I want to challenge you to think differently about the youth sporting structure.

Specifically, I want to share one unique insight from Serena and Venus Williams’ rise to dominance in the Tennis world.

If you haven’t seen the movie King Richard – this is a slight spoiler on the movie. The insight I want you to reflect on is how their dad pulled Venus out of junior competitions at 12 years old after going 63-0 in junior tournaments. For the next 3 years Venus and Serena focused on training and having a more ‘normal’ childhood focused on school, family, and being a kid.

Their father, Richard, felt that all the tournaments they were going to were not helpful to their character development and the ‘pressure’ was unnecessary at such a young age.

This unconventional decision obviously worked out pretty good for them.

It is a great example of thinking differently about the youth sport structure. He decided to not just go with the status quo. To me this is inspiring and revolutionary – it was a mindset first decision.

I’d be curious to see a 12 year old hockey player give up formal games and tournaments for 3 years – just focus on development (and save all the money and time traveling to games).

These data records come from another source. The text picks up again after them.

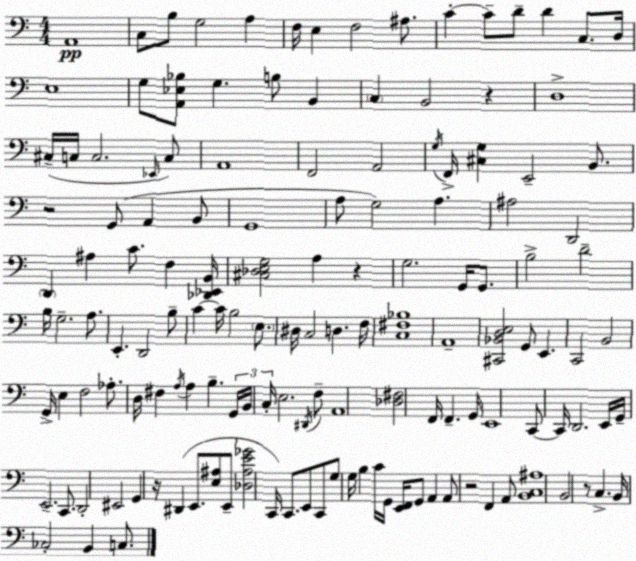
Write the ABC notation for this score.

X:1
T:Untitled
M:4/4
L:1/4
K:C
A,,4 C,/2 B,/2 G,2 A, F,/4 E, F,2 ^A,/2 C C/2 D/2 D C,/2 D,/4 E,4 G,/2 [A,,_E,_B,]/2 G, B,/2 B,, C, B,,2 z D,4 ^C,/4 C,/4 C,2 _E,,/4 C,/2 A,,4 F,,2 A,,2 G,/4 F,,/4 [^C,G,] E,,2 B,,/2 z2 G,,/2 A,, B,,/2 G,,4 A,/2 G,2 A, ^A,2 D,,2 D,, ^A, C/2 F, [_D,,_E,,B,,]/4 [^C,_D,E,G,]2 A, z G,2 G,,/4 G,,/2 B,2 D2 B,/4 G,2 A,/2 E,, D,,2 B,/2 C C/4 B,2 E,/2 ^D,/4 C,2 D, F,/4 [C,^F,_B,]4 A,,4 [^C,,_B,,D,E,]2 G,,/2 E,, C,,2 B,,2 G,,/4 E, F,2 _A,/2 D,/4 ^F, A,/4 A, B, G,,/4 B,,/4 C,/4 E,2 ^D,,/4 F,/2 A,,4 [_D,^F,]2 F,,/4 F,, G,,/4 E,,4 C,,/2 C,,/4 D,,2 E,,/4 G,,/4 E,,2 C,,/2 D,,2 ^E,,2 G,, z/4 ^D,, E,,/2 [E,^A,]/2 E,,/2 [_D,^A,E_G]2 C,,/4 C,,/2 E,,/2 C,,/2 G,/2 G,/4 B, C/4 G,,/4 [E,,F,,]/4 G,,/2 A,, A,,/2 z2 F,, A,,/2 [B,,C,^A,]4 B,,2 z/2 C, B,,/4 _C,2 B,, C,/2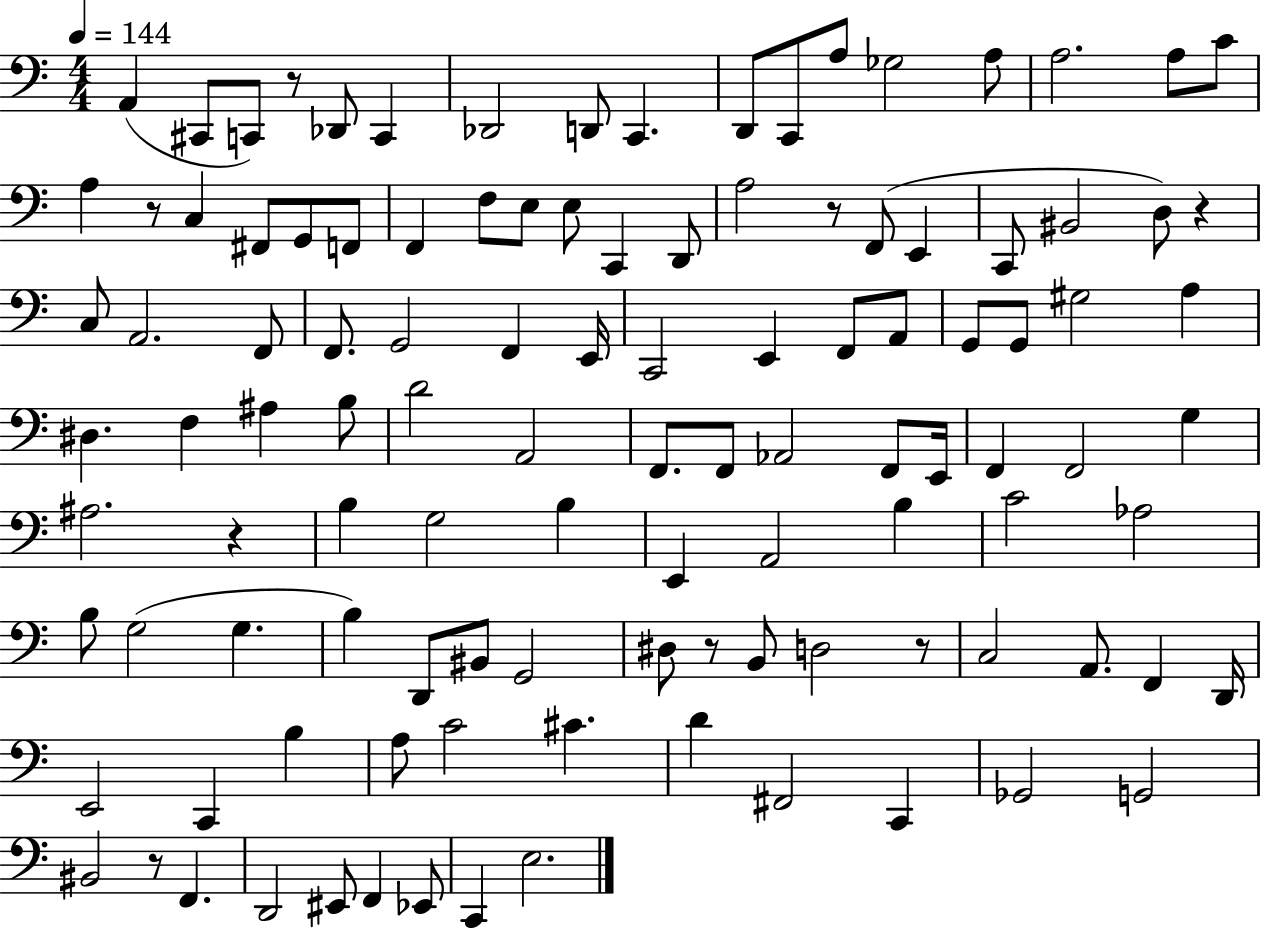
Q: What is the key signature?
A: C major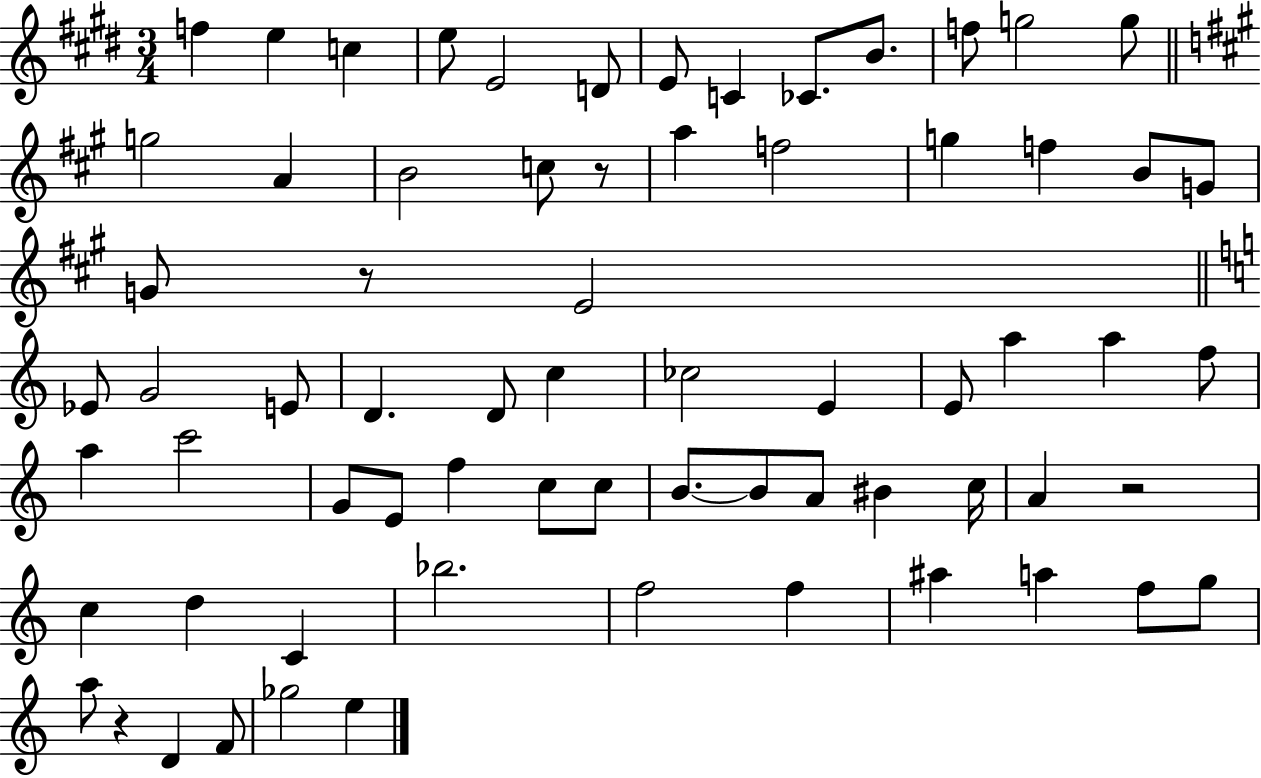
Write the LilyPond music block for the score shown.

{
  \clef treble
  \numericTimeSignature
  \time 3/4
  \key e \major
  f''4 e''4 c''4 | e''8 e'2 d'8 | e'8 c'4 ces'8. b'8. | f''8 g''2 g''8 | \break \bar "||" \break \key a \major g''2 a'4 | b'2 c''8 r8 | a''4 f''2 | g''4 f''4 b'8 g'8 | \break g'8 r8 e'2 | \bar "||" \break \key c \major ees'8 g'2 e'8 | d'4. d'8 c''4 | ces''2 e'4 | e'8 a''4 a''4 f''8 | \break a''4 c'''2 | g'8 e'8 f''4 c''8 c''8 | b'8.~~ b'8 a'8 bis'4 c''16 | a'4 r2 | \break c''4 d''4 c'4 | bes''2. | f''2 f''4 | ais''4 a''4 f''8 g''8 | \break a''8 r4 d'4 f'8 | ges''2 e''4 | \bar "|."
}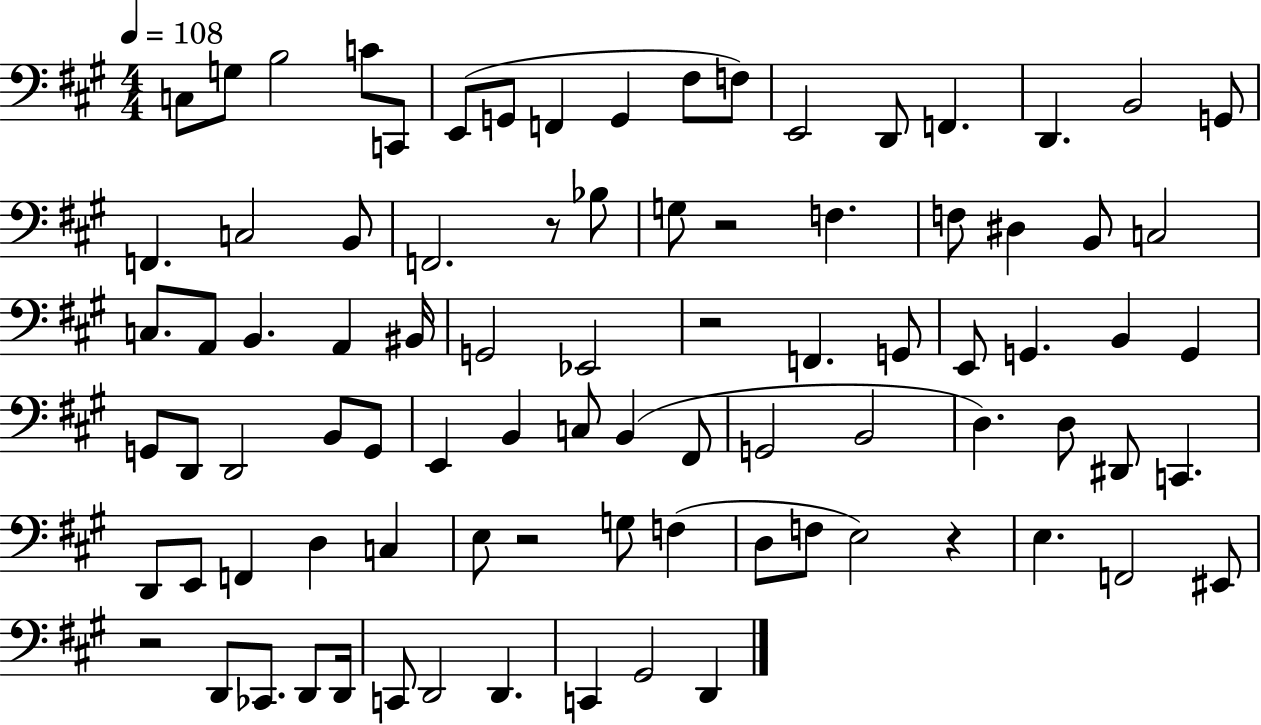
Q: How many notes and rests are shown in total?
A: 87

They could still scrimmage, play small area games, and learn fundamental team concepts. But the priority would be getting their touches in and optimizing their development.

I wonder what the impact on the players’ mental well-being and character development would be?

There is a ridiculous amount of pressure to perform and win on most AAA minor hockey teams and youth sports in general.

I’m not saying this is an obvious or easy decision. Instead, I’m using the contrast to encourage players, parents, coaches, and leaders throughout the game to be mindful of the structure and environment of youth sports. I challenge you to think differently – don’t just accept the status quo.